▶ [Work required]: From the entries below, copy every line that holds the word "Girls".

▶ [Records for this task]:
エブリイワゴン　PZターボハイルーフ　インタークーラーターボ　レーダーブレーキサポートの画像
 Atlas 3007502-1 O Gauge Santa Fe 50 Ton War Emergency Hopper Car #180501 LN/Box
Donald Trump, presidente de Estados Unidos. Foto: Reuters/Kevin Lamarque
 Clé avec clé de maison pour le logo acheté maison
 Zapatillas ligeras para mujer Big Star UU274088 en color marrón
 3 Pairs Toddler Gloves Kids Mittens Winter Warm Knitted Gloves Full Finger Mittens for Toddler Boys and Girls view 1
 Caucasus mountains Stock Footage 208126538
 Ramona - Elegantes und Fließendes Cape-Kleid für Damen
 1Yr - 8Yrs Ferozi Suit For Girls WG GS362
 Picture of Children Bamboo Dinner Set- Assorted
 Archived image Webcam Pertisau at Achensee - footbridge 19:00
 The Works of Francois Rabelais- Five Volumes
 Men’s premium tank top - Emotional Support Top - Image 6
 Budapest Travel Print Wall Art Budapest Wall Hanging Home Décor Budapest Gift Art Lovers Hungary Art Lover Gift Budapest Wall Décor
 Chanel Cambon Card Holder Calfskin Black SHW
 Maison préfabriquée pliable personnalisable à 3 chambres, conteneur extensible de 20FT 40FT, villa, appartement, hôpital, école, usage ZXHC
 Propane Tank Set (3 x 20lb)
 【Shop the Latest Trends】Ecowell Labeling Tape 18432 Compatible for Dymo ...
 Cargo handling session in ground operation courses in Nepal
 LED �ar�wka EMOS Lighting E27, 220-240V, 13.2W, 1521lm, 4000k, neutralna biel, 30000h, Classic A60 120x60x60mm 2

▶ [Response area]:
 3 Pairs Toddler Gloves Kids Mittens Winter Warm Knitted Gloves Full Finger Mittens for Toddler Boys and Girls view 1
 1Yr - 8Yrs Ferozi Suit For Girls WG GS362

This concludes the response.